### PROBLEM DETAILS
All of the data below is to be output exactly as written.

+++ RAW DATA

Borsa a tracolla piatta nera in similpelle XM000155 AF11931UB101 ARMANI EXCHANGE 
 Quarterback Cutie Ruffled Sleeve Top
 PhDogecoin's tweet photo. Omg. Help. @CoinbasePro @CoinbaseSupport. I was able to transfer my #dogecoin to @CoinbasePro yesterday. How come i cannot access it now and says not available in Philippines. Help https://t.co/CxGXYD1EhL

++++++

### RESPONSE TO THE TASK
Borsa a tracolla piatta nera in similpelle XM000155 AF11931UB101 ARMANI EXCHANGE 
 Quarterback Cutie Ruffled Sleeve Top
 PhDogecoin's tweet photo. Omg. Help. @CoinbasePro @CoinbaseSupport. I was able to transfer my #dogecoin to @CoinbasePro yesterday. How come i cannot access it now and says not available in Philippines. Help https://t.co/CxGXYD1EhL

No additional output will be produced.